In order to better train the initial resource allocation system, the imperfect global channel state information of the input time slot is firstly obtained in the process of training the initial resource allocation system. According to one embodiment of the present invention, in training the initial resource allocation system, the non-perfect global channel state information of the input time slot includes non-perfect global channel state information (also referred to as a state set in the present invention) of a plurality of links selecting different sub-channels in the input time slot, wherein the non-perfect global channel state information of one link after selecting the different sub-channels in the input time slot is a state set, and the non-perfect global channel state information of the plurality of links after selecting the different sub-channels in the input time slot is:
Figure BDA0004162958540000191
wherein,,
Figure BDA0004162958540000192
Figure BDA0004162958540000193
wherein,,
Figure BDA0004162958540000194
a state set representing the kth link selecting the nth sub-channel in time slot t,/for>
Figure BDA0004162958540000195
Independent channel gain indicating that the kth link selects the nth sub-channel in time slot t in the presence of channel estimation errors,/>
Figure BDA0004162958540000196
Indicating the channel power of the kth link selecting the nth sub-channel in time slot t,/for>
Figure BDA0004162958540000197
An identification value indicating that the kth link has selected the nth sub-channel in time slot t-1,/for>
Figure BDA0004162958540000198
Indicating the power of the kth link selecting the nth sub-channel in time slot t-1, +. >
Figure BDA0004162958540000199
Representing the spectral efficiency of the kth link corresponding to time slot t-1, < >>
Figure BDA00041629585400001910
Representing the k-th link selecting the estimated small-scale fading component corresponding to the n-th sub-channel in time slot t +.>
Figure BDA00041629585400001911
The ratio to total interference power is the rank value over all channels,
Figure BDA00041629585400001912
indicating that the kth link adopts the subchannel allocation scheme of the last time slot and co-channel interference under the power allocation scheme when the nth subchannel is selected by the time slot t, k' indicating other links different from k>
Figure BDA00041629585400001913
Representing the variance of the channel estimation error,/and>
Figure BDA00041629585400001914
is a large-scale fading component considering shadow fading and geometric fading,/->
Figure BDA00041629585400001915
Mean value 0 and variance 0
Figure BDA00041629585400001916
Is a complex gaussian distribution of (c).

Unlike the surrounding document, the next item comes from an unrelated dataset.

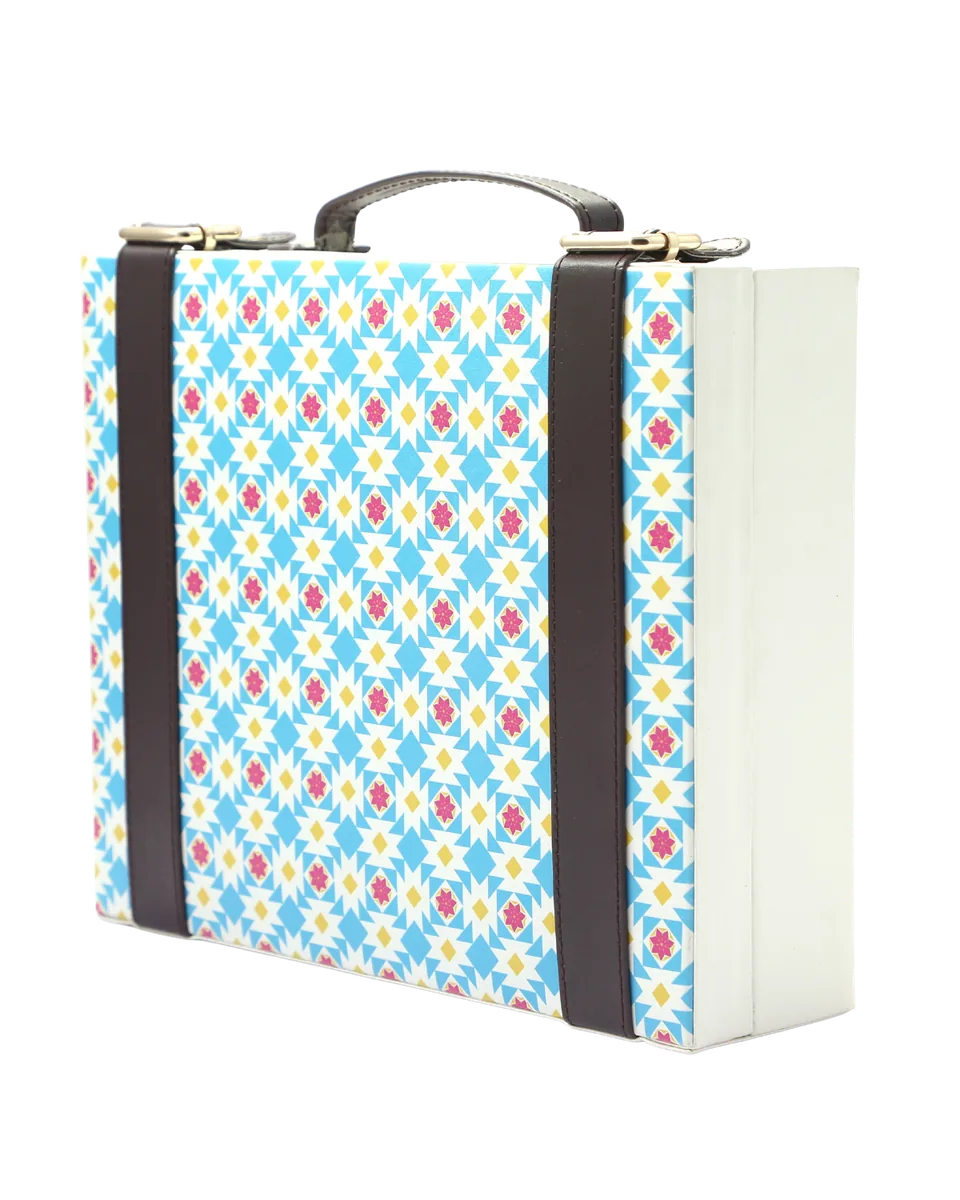 Printed trunk box, blue and red diamond tile print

According to one embodiment of the invention, when the imperfect global channel state information of the input time slot is a state set, the first layer network is configured as the same number of channel allocation models as the number of links, and the second layer network is configured as the same number of power allocation models as the number of links, wherein one state set is processed by one channel allocation model and one power allocation model. According to one embodiment of the invention, when the imperfect global channel state information of the incoming time slot is a state set, the first layer network is configured as a channel allocation model and the second layer network is configured as a power allocation model, wherein each state set in the state set is processed in turn by one channel allocation model and one power allocation model. The first layer network is configured as the same number of channel allocation models as the number of links and the second layer network is configured as the same number of power allocation models as the number of links, so that the processing speed of the initial resource allocation model can be improved. According to one embodiment of the present invention, when the non-perfect global channel state information of the input slot is a state set in step S411, the non-perfect global channel state information of the input slot is updated based on the predicted channel allocation policy as follows: and selecting a state set corresponding to the channel allocation strategy for executing the prediction from the state set based on the channel allocation strategy predicted by the channel allocation model as the imperfect global channel state information for updating the input time slot.
It should be noted that, the selection of the state set is important for the training effect of the initial resource allocation system, and the selection of the state set should embody the feature of the imperfect CSI, that means that the relevant channel state information must be selected to embody the information of the imperfect CSI as the element in the state set, so as to avoid the unnecessary channel state information in the imperfect global channel state information, and improve the training effect of the initial resource allocation model. The variance of the channel estimation error, the estimated channel gain (independent channel gain), and the ranking value of the ratio of the estimated small-scale fading component corresponding to each link in a certain time slot selection sub-channel to the total interference power on all channels are key features which can best embody the channel state information corresponding to the imperfect CSI.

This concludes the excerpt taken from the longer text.